■ **ACTIVITY**: Please repeat the records word for word and skip the pictures.

■ **RECORDS FOR THE TASK**:
↓↓↓
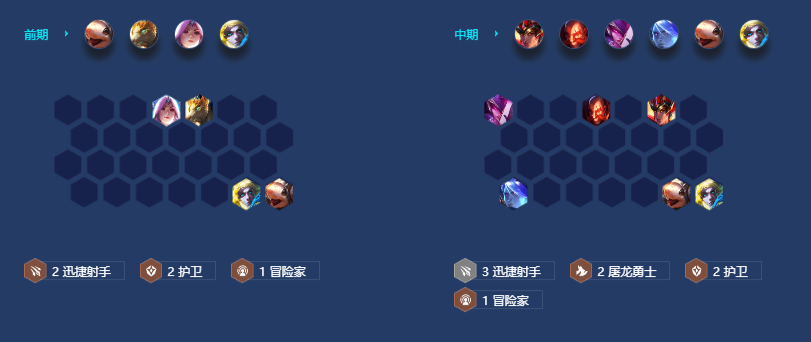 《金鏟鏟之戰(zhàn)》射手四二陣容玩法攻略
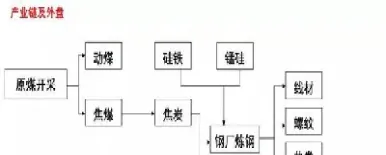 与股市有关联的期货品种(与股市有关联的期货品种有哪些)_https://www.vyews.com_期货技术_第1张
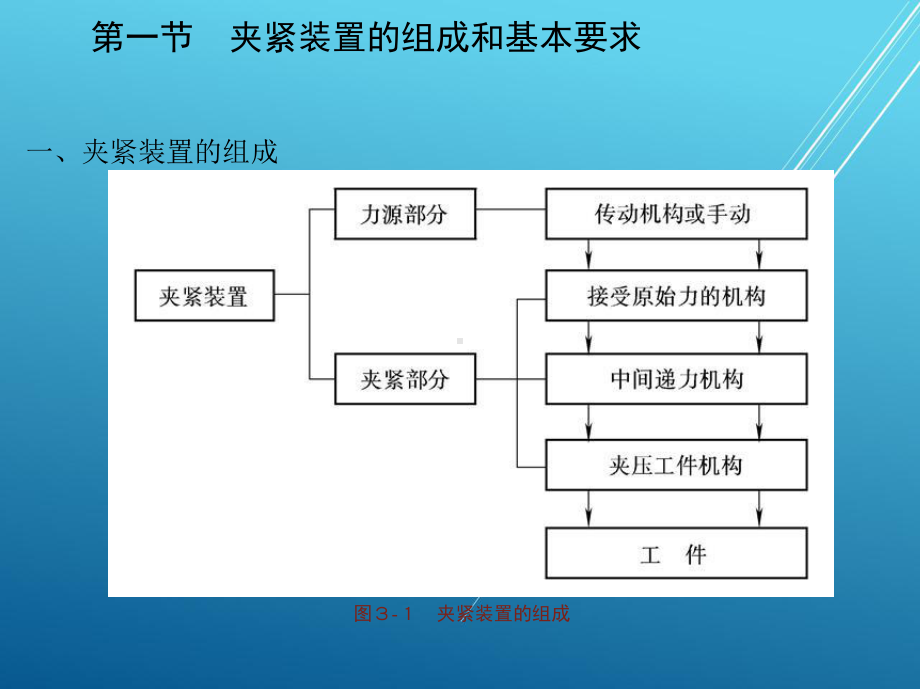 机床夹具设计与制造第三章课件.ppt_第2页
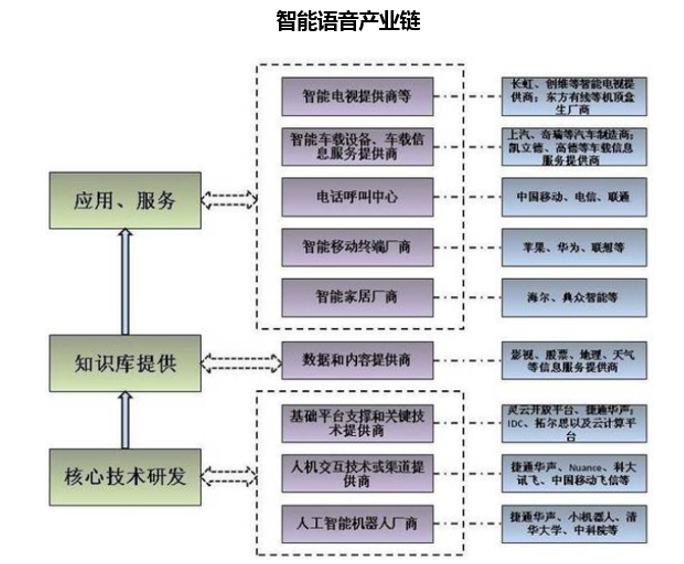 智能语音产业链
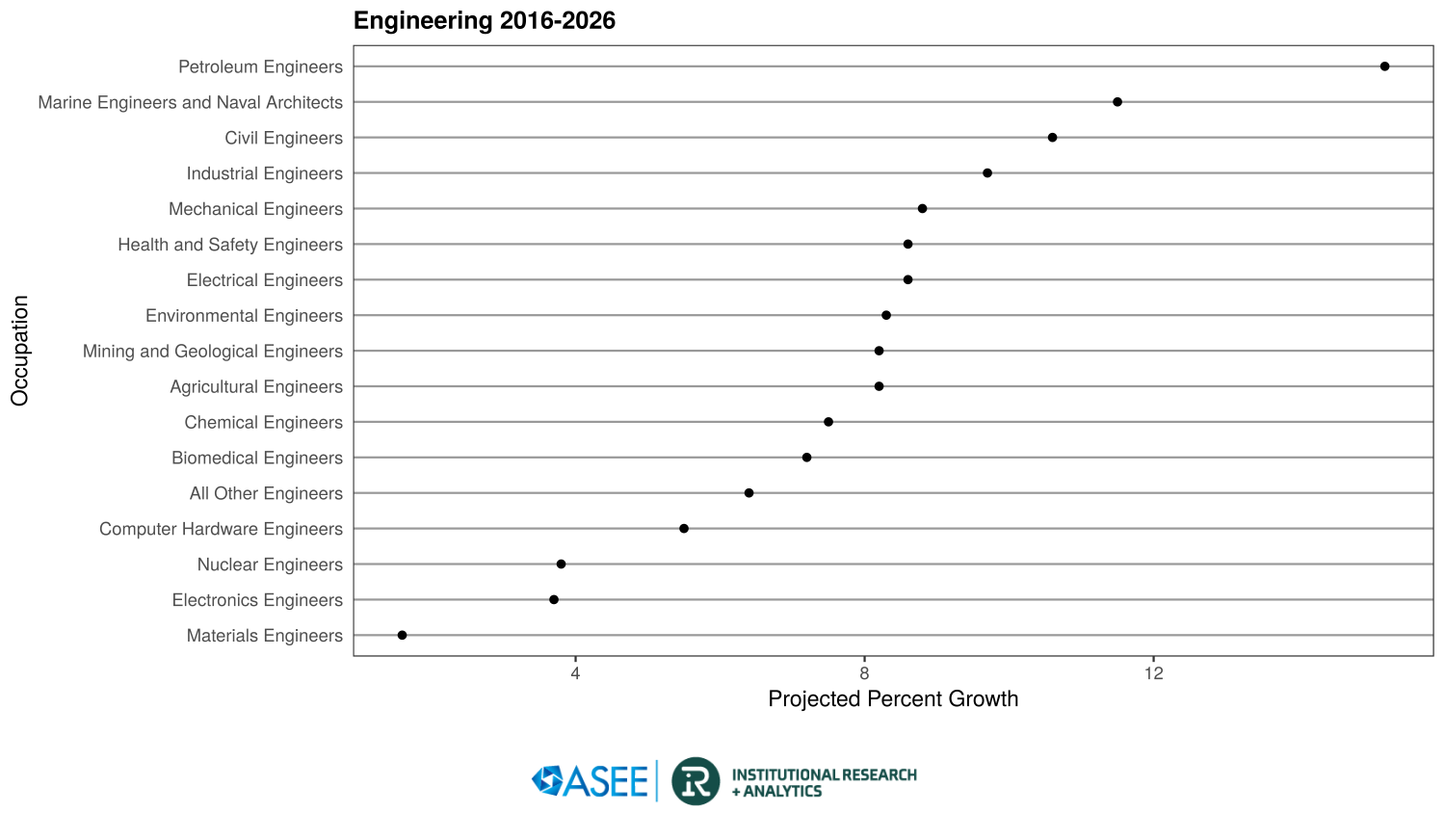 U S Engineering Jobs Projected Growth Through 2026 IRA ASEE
↑↑↑
■ **WRITTEN ANSWER**:
 《金鏟鏟之戰(zhàn)》射手四二陣容玩法攻略
 与股市有关联的期货品种(与股市有关联的期货品种有哪些)_https://www.vyews.com_期货技术_第1张
 机床夹具设计与制造第三章课件.ppt_第2页
 智能语音产业链
 U S Engineering Jobs Projected Growth Through 2026 IRA ASEE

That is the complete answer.